These are the small-town enemies of everybody. They just dislike everyone. They couldn’t come out and say: “We don’t want a black president” – we’ve finally got past that roadblock. So what they did was set out to slaughter the opposition party, the Democrats.

Vidal’s contention is that Obama’s opponents, motivated by racism, have set out to discredit him:

Repetition. They keep saying he’s really a terrorist and they even deny he’s black. He’s obviously brown in some way – a vicious way – because we know what they are like; those are terrorists.

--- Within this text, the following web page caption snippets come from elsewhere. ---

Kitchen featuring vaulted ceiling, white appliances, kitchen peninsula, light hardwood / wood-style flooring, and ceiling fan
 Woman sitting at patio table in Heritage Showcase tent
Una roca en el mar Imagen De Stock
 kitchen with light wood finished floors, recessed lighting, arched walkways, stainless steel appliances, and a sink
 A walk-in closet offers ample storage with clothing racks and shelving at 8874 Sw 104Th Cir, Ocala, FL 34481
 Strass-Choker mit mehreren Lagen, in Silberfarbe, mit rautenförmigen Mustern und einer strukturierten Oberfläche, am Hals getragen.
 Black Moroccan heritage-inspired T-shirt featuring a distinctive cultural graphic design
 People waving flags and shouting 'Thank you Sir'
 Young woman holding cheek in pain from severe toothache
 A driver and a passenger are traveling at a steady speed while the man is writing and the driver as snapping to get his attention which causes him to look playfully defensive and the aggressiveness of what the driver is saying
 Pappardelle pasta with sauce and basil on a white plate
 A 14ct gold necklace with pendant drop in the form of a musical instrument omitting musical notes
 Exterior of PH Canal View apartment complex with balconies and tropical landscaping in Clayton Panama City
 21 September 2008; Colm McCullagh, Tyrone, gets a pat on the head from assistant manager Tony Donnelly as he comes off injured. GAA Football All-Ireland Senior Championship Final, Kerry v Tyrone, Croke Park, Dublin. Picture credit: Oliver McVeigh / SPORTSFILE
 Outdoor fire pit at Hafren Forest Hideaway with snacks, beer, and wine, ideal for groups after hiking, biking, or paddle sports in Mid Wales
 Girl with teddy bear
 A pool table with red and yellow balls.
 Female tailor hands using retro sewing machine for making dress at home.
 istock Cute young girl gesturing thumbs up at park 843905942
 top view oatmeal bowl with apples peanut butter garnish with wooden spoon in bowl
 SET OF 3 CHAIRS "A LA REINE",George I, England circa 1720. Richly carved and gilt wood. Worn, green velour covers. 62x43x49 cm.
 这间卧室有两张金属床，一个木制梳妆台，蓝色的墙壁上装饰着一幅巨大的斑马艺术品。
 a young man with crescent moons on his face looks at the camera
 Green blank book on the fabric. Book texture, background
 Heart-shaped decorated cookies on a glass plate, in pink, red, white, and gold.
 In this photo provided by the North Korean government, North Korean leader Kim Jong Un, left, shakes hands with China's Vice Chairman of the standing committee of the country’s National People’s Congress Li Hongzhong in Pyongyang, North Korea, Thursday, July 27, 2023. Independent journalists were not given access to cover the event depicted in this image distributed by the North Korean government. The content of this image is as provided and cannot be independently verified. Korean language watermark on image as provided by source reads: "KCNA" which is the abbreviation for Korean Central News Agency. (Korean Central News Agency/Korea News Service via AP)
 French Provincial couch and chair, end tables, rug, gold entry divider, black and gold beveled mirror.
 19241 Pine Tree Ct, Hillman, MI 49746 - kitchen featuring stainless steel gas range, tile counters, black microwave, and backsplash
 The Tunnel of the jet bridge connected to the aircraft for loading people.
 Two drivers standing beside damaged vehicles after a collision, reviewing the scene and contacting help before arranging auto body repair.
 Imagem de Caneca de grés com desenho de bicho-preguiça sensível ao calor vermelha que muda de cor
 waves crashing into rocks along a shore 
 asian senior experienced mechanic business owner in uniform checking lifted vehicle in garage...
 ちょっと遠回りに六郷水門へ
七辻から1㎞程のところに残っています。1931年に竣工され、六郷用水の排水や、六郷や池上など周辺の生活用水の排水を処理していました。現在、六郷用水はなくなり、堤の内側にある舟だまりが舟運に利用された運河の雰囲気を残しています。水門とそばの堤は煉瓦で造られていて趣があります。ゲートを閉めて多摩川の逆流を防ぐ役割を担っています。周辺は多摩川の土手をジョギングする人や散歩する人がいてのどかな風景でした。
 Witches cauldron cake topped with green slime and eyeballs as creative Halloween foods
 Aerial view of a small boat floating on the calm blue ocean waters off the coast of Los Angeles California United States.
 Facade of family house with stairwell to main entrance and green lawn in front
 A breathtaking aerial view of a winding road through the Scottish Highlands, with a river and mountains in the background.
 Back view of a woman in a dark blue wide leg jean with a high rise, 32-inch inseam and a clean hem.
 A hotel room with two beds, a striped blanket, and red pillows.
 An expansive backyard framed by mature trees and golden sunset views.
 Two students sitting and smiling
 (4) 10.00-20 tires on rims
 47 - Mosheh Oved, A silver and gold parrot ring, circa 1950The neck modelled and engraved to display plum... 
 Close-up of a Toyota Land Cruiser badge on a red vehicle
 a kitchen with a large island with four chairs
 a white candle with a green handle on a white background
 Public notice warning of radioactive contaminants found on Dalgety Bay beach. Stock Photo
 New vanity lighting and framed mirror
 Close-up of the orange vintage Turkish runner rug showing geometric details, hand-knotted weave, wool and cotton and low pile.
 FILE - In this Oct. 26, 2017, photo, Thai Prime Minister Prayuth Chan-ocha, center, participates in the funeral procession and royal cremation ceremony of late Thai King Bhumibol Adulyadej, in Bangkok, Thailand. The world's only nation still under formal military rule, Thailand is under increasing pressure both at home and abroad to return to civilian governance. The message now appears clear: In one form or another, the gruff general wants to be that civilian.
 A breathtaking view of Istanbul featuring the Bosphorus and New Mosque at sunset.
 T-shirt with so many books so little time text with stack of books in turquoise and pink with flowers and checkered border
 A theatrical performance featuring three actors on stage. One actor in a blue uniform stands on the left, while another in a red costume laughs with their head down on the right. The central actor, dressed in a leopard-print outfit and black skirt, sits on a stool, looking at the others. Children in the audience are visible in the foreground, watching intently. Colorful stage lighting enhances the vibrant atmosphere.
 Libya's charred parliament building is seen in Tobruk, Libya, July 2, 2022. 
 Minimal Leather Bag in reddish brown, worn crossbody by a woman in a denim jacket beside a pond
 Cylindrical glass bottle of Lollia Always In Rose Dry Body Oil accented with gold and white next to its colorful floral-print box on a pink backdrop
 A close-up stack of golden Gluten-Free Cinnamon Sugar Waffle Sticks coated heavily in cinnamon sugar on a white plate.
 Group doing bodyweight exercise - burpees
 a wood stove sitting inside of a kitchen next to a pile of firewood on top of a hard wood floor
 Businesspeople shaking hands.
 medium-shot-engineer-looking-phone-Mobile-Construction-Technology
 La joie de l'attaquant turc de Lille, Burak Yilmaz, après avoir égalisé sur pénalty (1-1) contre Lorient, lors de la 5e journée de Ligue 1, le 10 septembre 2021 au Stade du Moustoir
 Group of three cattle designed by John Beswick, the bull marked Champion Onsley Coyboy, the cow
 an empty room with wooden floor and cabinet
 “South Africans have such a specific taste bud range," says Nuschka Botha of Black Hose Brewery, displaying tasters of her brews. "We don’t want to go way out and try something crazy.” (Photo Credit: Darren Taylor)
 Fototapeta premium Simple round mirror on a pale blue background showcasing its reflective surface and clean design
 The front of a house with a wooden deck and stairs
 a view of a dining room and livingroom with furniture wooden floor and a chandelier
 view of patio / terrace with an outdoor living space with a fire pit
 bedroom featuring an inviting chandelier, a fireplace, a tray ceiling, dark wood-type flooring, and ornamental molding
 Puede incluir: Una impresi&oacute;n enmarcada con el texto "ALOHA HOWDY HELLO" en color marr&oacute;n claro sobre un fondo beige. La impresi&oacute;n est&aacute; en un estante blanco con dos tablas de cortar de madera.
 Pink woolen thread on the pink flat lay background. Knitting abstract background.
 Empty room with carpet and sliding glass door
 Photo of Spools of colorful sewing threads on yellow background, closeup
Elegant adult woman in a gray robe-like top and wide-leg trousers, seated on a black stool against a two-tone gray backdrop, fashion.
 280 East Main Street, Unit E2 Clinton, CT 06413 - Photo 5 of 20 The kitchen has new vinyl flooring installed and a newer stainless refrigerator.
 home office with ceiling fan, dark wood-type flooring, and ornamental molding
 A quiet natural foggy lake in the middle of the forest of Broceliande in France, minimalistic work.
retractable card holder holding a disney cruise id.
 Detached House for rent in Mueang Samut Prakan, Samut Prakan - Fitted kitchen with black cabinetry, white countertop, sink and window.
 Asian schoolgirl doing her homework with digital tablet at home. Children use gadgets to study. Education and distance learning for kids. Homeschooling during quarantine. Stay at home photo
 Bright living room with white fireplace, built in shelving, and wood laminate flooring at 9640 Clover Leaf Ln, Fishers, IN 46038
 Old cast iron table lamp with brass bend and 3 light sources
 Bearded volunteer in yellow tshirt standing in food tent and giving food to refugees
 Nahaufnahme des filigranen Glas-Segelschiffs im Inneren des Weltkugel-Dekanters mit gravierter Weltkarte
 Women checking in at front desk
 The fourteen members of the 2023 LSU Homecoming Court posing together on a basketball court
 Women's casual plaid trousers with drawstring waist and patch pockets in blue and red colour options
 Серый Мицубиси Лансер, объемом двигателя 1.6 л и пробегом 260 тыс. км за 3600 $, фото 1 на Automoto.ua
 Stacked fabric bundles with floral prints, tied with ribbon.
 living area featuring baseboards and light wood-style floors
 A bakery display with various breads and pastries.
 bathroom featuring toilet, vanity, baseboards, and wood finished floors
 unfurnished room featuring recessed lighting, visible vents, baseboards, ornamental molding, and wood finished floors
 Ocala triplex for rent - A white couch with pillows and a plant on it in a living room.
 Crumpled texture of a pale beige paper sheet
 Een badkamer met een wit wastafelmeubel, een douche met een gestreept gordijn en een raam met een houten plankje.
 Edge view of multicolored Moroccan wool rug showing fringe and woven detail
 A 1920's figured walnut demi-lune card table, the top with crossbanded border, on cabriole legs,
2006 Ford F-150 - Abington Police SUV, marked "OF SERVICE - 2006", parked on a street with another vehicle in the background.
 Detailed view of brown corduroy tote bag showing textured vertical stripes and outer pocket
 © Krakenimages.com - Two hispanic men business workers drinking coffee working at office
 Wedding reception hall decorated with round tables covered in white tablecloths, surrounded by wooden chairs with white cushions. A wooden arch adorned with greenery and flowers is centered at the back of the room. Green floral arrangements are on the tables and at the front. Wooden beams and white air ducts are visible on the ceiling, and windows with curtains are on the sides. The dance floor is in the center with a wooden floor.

This febrile political atmosphere, combined with economic turmoil, is a recipe for disaster:

I should not in the least be surprised if there were a kind of dictatorship at the end of the road, which seems to be coming more and more quickly as we lose more and more wars.

Vidal also gave his verdict on Britain’s current Prime Minister:

Have you any opinion on our new Downing Street tenant, Mr Cameron?
You do like to adjust to types. You’ve got all the right types you should have for government in this adorable Tory. He’s everything we thought Bertie Wooster was – and God knows we worship Bertie Wooster, in the form of Hugh Laurie.

And there is a warning for Britain, too, over the direction of its foreign policy:

Anybody who tries to hang on to America’s coat-tails is going to find himself up to his eyeballs in, well, deceit and corruption. This is the crookedest place on earth – and I never thought I would go that far, having been to many other countries at least south of our borders.